■ Web page caption snippets:
☆ ☆ ☆ ☆ ☆
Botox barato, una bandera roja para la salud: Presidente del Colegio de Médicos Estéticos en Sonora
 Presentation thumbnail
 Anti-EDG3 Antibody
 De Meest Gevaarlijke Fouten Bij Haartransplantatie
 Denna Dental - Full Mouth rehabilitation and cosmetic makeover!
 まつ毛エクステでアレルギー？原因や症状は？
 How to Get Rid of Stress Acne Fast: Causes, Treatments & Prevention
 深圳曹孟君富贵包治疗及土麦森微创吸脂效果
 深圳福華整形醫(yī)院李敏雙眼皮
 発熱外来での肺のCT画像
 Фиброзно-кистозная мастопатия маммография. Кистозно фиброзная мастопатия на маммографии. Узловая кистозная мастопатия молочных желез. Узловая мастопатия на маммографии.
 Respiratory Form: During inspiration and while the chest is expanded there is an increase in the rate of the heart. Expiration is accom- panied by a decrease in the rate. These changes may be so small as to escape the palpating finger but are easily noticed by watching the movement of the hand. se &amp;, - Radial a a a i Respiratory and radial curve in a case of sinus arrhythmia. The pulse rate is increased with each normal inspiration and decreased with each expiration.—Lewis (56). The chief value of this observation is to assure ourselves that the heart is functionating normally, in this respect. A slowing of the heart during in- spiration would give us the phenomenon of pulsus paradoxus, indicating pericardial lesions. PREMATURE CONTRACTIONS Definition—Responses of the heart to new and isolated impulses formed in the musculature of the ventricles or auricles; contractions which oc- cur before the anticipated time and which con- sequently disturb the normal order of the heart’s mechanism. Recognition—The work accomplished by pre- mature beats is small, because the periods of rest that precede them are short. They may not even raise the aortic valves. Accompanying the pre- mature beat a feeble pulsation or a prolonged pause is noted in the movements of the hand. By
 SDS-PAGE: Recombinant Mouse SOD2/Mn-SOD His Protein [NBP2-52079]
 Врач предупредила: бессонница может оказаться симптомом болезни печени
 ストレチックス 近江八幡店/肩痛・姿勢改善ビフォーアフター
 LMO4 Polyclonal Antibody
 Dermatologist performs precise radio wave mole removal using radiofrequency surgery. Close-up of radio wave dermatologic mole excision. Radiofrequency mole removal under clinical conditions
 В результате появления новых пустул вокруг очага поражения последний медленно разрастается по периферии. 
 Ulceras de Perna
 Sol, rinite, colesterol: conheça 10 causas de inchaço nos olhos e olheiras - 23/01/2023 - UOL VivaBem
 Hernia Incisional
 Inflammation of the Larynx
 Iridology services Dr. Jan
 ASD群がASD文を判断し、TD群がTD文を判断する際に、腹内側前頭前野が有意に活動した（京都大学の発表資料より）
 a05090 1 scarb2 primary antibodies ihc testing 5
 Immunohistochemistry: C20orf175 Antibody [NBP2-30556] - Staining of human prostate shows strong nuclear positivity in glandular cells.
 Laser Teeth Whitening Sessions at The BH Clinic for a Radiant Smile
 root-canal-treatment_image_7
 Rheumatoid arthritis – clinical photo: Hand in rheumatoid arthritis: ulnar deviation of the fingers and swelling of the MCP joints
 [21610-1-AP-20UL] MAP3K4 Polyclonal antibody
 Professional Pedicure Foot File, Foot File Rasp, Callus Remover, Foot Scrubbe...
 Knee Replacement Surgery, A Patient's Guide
☆ ☆ ☆ ☆ ☆
■ Instructions for the task: Only the lines from the first line of the records through the line containing "Фиброзно-кистозная мастопатия маммография." should be repeated, exactly as they appear.

■ Answer to the exercise:
Botox barato, una bandera roja para la salud: Presidente del Colegio de Médicos Estéticos en Sonora
 Presentation thumbnail
 Anti-EDG3 Antibody
 De Meest Gevaarlijke Fouten Bij Haartransplantatie
 Denna Dental - Full Mouth rehabilitation and cosmetic makeover!
 まつ毛エクステでアレルギー？原因や症状は？
 How to Get Rid of Stress Acne Fast: Causes, Treatments & Prevention
 深圳曹孟君富贵包治疗及土麦森微创吸脂效果
 深圳福華整形醫(yī)院李敏雙眼皮
 発熱外来での肺のCT画像
 Фиброзно-кистозная мастопатия маммография. Кистозно фиброзная мастопатия на маммографии. Узловая кистозная мастопатия молочных желез. Узловая мастопатия на маммографии.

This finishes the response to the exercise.